[DATA TO EXAMINE Boundary: Start]

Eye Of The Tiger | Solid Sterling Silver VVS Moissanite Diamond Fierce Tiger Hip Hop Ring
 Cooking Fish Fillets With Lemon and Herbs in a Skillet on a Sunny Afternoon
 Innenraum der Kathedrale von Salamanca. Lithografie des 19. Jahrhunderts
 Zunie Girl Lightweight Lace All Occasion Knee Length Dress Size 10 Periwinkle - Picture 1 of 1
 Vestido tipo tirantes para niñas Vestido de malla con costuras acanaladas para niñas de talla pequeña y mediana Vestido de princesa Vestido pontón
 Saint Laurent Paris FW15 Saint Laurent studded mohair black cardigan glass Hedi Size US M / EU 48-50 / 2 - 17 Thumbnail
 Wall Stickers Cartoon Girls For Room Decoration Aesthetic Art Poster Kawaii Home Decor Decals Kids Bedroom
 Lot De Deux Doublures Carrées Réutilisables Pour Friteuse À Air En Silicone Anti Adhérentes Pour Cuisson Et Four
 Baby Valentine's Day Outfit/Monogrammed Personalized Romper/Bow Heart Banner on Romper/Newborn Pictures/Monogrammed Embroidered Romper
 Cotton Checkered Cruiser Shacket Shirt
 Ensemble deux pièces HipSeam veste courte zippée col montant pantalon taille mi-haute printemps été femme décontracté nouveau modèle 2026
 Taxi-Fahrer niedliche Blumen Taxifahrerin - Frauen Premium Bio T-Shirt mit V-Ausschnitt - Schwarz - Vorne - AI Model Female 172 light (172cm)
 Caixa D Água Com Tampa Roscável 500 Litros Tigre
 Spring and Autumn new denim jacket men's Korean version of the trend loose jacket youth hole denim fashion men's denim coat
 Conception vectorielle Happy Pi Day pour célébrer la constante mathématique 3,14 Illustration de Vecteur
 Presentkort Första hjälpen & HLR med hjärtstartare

[DATA TO EXAMINE Boundary: End]

### EXERCISE DETAILS
Return all lines of the material that have "Size" in them.

### TASK SOLUTION
 Zunie Girl Lightweight Lace All Occasion Knee Length Dress Size 10 Periwinkle - Picture 1 of 1
 Saint Laurent Paris FW15 Saint Laurent studded mohair black cardigan glass Hedi Size US M / EU 48-50 / 2 - 17 Thumbnail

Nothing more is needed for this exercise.